With the purpose of helping to identify promising forage crops for tropical areas and to classify potential germplasm for smallholder farmers or plant breeding programs, the object of this study was to classify the vegetative material of M. maximus established in the Colombian dry tropics according to nutritional behavior using NIRS methodology during contrasting seasons and the relationship with plant height, forage production, and flowering with nutritional quality.
Materials and Methods
Location
The experiment was conducted in a tropical dry forest agroecosystem in the Patía Valley, which is located in the department of Cauca in southwestern Colombia, with an average temperature of 27.9°C and bimodal cycle with average annual precipitation of 1,414 mm (Figure 1). To guarantee the process of establishing experimental plots, we used water irrigation and mechanical weed control.
Figure 1. Average temperature values and rainfall accumulation during experiments in field trials. Coordinates: N: 1°59′13″; W: 77°5′57'″, Patía Valley. Source: NUTRIFACA Weather Station, 2016–2018.
The local soil is a medium-fertility Mollisol.
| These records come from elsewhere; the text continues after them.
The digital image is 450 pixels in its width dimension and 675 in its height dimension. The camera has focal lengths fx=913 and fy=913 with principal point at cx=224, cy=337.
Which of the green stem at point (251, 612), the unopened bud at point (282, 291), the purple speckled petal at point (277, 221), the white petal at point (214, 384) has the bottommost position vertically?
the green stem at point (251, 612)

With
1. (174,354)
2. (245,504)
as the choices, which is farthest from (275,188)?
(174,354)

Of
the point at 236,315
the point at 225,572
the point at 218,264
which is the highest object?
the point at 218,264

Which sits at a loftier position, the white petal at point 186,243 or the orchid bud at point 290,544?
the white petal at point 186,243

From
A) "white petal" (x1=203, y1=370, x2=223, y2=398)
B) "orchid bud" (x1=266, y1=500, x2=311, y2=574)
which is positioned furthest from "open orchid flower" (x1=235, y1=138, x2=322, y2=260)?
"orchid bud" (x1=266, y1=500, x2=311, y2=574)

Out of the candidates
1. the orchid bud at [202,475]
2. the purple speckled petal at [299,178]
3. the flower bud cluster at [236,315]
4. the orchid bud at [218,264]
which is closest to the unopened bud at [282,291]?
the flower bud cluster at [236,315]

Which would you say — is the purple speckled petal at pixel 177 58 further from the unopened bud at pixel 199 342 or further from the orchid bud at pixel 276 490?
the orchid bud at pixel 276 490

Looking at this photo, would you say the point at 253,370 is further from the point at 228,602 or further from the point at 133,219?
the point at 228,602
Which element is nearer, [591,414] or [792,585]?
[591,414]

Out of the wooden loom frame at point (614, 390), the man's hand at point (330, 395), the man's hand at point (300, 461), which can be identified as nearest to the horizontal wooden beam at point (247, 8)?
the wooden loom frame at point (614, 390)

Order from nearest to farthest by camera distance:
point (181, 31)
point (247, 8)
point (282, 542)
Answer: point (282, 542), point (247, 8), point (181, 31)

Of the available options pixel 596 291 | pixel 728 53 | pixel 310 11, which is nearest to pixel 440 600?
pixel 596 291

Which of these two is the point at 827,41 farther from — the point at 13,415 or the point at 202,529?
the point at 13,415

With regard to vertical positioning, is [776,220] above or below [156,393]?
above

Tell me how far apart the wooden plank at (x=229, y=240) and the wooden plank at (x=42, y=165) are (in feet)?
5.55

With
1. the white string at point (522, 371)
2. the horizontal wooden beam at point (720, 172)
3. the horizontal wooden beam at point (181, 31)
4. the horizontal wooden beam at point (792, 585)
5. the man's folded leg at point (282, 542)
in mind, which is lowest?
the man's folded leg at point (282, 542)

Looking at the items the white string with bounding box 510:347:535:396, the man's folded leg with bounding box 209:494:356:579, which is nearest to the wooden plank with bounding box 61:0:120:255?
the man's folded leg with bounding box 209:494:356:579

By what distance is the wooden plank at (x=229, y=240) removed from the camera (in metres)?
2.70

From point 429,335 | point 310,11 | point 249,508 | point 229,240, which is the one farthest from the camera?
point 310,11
Chemical analysis in the 0-to 20-cm layer showed pH of 6.26, organic matter content of 4.50%, phosphorus content of 6.3 ppm, and calcium, magnesium, and potassium content of 14.58, 6.91, and 0.59 cmol/kg, respectively. 1 year after establishment of the experimental plots, we applied fertilizer only once at a rate of 150 kg N/ha and 95 kg P/ha.
Experimental Design in Fields
For the agronomic and nutritional evaluation in December of 2015, 129 accessions of M. maximus, including commercial varieties provided by the germplasm bank of the International Center for Tropical Agriculture (CIAT) and two improved Urochloa species (U. brizantha cv. Toledo and hybrid cv. Cayman) as controls (Table 1), were established in plots using a randomized complete block design with three replications. The experimental units (plots) measured 4 m2, and the plants had 10–12 tillers. The distance between plots was 1 m, and the distance between blocks was 2 m (Figure 2).
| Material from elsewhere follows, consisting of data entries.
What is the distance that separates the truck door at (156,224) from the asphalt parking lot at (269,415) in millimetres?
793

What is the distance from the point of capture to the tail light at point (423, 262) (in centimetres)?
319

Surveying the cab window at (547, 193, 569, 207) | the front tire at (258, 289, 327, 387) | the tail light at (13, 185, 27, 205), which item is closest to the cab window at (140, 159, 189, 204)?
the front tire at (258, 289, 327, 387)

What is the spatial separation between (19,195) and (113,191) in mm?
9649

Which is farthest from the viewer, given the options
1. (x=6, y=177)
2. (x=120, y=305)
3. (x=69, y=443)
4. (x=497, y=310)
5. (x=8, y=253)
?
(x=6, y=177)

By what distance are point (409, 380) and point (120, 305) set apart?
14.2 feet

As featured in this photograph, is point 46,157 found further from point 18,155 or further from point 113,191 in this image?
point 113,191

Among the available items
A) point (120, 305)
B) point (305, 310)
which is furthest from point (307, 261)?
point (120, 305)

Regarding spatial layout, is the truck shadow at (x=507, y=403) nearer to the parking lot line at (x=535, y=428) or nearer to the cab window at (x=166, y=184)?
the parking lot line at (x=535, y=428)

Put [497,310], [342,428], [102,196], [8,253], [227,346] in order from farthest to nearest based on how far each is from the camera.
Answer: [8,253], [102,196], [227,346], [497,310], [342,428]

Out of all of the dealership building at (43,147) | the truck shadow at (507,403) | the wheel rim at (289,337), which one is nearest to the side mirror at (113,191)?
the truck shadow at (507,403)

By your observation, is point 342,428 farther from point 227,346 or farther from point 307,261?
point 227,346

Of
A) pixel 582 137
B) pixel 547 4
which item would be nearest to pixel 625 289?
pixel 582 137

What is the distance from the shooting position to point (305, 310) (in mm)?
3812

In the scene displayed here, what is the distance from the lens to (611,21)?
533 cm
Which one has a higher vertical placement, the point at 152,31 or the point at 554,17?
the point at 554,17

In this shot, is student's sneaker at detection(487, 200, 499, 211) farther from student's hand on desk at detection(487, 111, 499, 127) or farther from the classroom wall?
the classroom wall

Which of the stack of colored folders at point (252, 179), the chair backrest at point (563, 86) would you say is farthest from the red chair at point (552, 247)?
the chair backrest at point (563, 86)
Table 1. Centro internacional de agricultura tropical (CIAT) accession numbers and origin of evaluated Megathyrsus maximus and commercial cultivars.
Figure 2. Aerial view of the field experimental design. R, replications.
To determine the number of regrowing days and provide homogeneous conditions for all accessions, a standardization cut was applied. It was a mechanical cutting of plots at a residual height of 30 cm above the soil. Seasonal conditions in the field area and harvesting age are shown in Table 2.
Table 2. Seasonal conditions and plant harvesting parameters for agronomy and nutritional evaluation in the Patía Valley, Cauca, Colombia.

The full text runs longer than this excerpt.